Mas refere que há um problema do lado da oferta que é o ritmo «muito baixo de construção e a lentidão no lançamento de obra nova», problema que acontece há mais de 10 anos e que vão continuar a limitar o stock de imóveis para venda.
Dinamismo é também a palavra utilizada por Beatriz Rubio mas alerta para uma «relativa diminuição da procura em algumas zonas devido à subida dos juros, contudo nada que impacte significativamente na atividade do mercado pois essa procura continua muito superior à oferta».
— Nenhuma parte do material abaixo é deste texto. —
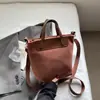 Bolso Pequeño Retro de Moda Transfronterizo para Mujer, Nuevo Bolso Cruzado para Teléfono Primavera y Otoño 2026, Bolso Cubo Marrón de Alta Gama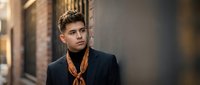 Young professional businessman in dark suit with orange scarf standing confidently on urban street. Corporate executive portrait for business marketing materials.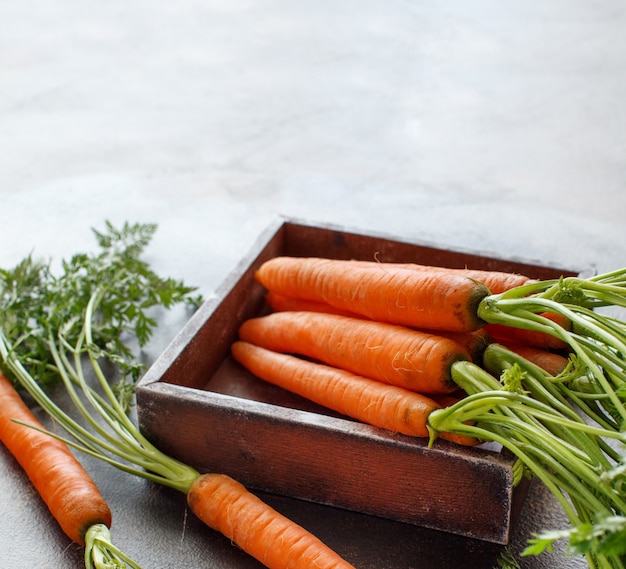 Fresh raw carrots with leaves on a wooden table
Paulo Rosa fala também em resiliência deste mercado. E detalha: «A escassez de oferta e o crescente interesse de estrangeiros têm mantido os preços dos imóveis portugueses sustentados. Entretanto, a elevada inflação tem impulsionado o aumento dos custos de construção, dificultando um reforço da oferta de casas capaz de suprir a crescente procura».
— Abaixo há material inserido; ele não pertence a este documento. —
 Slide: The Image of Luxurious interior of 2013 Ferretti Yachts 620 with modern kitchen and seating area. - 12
Mas admite que «a subida dos juros deverá afastar parte da atual procura e penalizar o setor da construção e o imobiliário».
Já Henrique Tomé recorda que as taxas de juro estão a começar a subir na zona euro, «sendo que as taxas de referência para o crédito à habitação que as famílias seguem para perceber as variações sobre os seus empréstimos – se a taxa do empréstimo for variável – está a acompanhar a subida das taxas de referência», mas garante que ainda não se sente os efeitos da Euribor no lado da procura por imobiliário.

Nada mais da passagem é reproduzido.